§ **Data entries**:
# # # # # # #

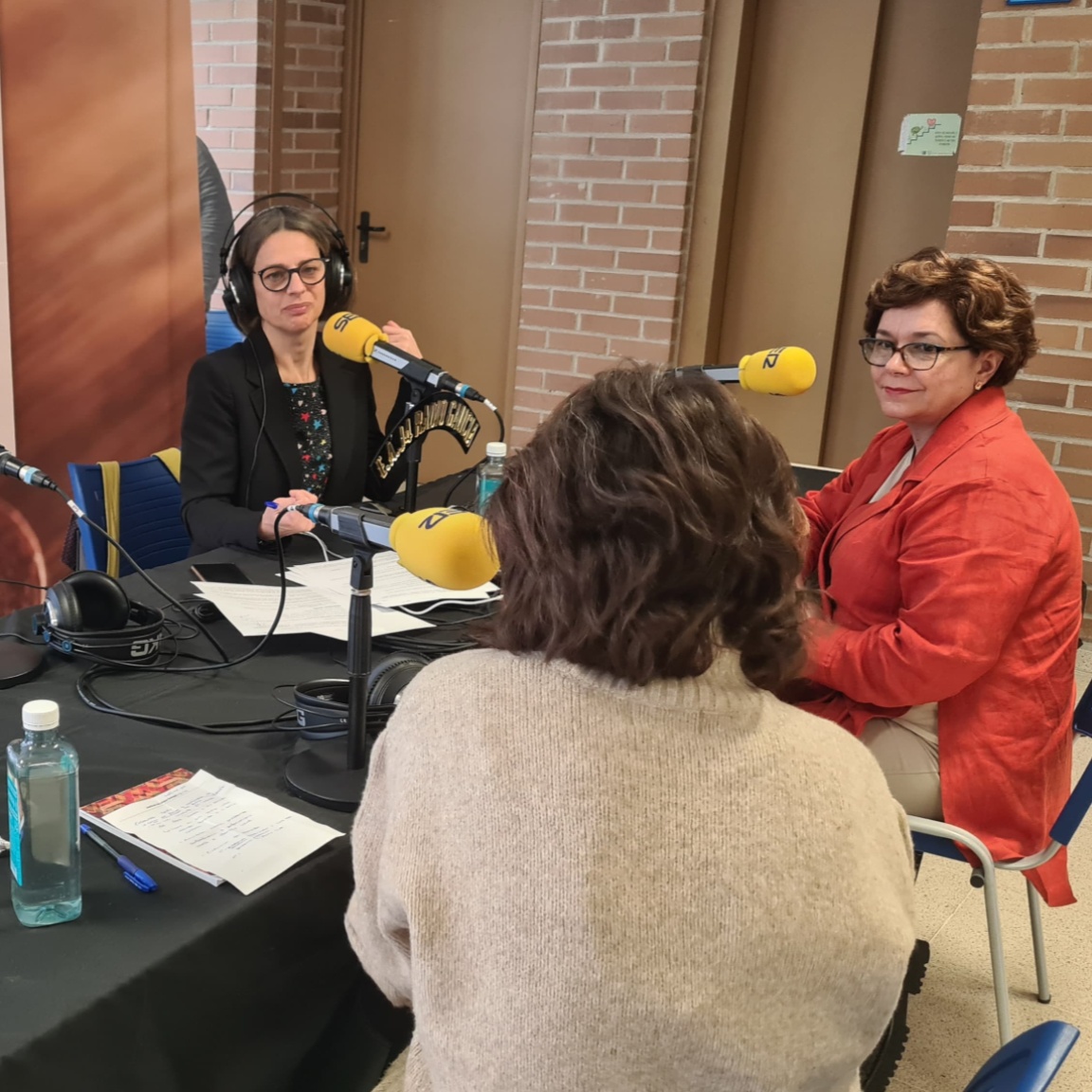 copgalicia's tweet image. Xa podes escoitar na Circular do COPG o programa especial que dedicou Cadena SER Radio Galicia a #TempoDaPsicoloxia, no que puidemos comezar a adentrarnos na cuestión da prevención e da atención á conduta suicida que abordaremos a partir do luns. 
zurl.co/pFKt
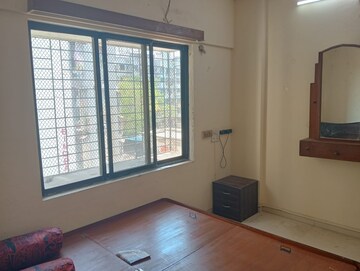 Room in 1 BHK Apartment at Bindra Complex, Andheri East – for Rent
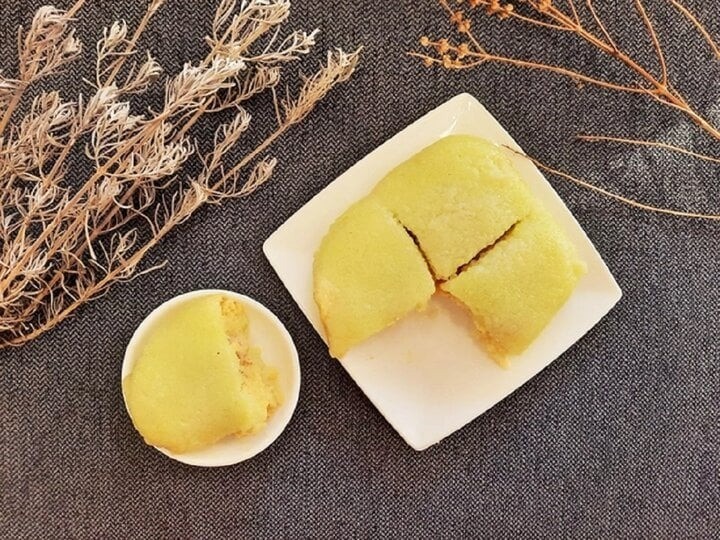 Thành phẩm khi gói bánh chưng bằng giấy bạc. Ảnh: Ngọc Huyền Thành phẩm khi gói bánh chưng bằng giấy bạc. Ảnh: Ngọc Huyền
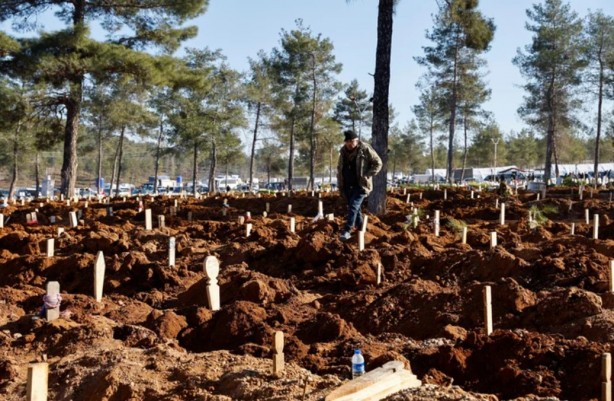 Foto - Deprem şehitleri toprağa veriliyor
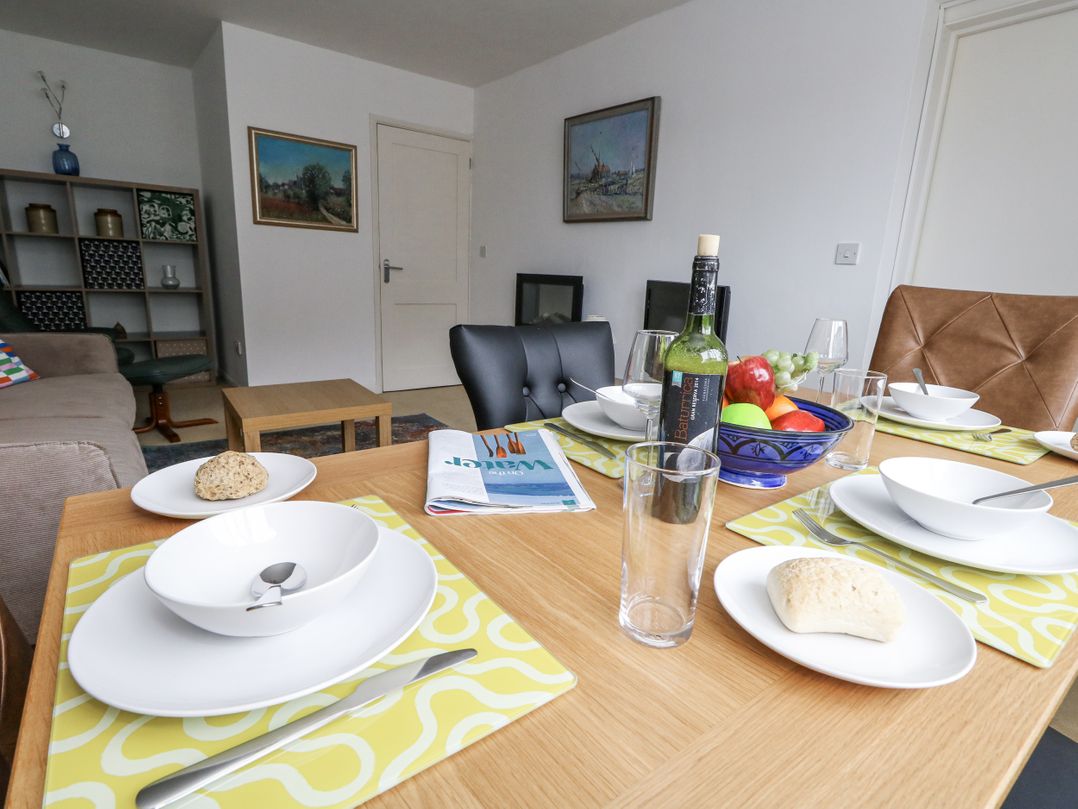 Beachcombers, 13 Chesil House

# # # # # # #

§ **Task statement**: Please write out, word for word, each line from the one with "Ngọc Huyền Thành" to the last line of the data, keeping both ends and omitting pictures.

§ **Answer for this exercise**:
 Thành phẩm khi gói bánh chưng bằng giấy bạc. Ảnh: Ngọc Huyền Thành phẩm khi gói bánh chưng bằng giấy bạc. Ảnh: Ngọc Huyền
 Foto - Deprem şehitleri toprağa veriliyor
 Beachcombers, 13 Chesil House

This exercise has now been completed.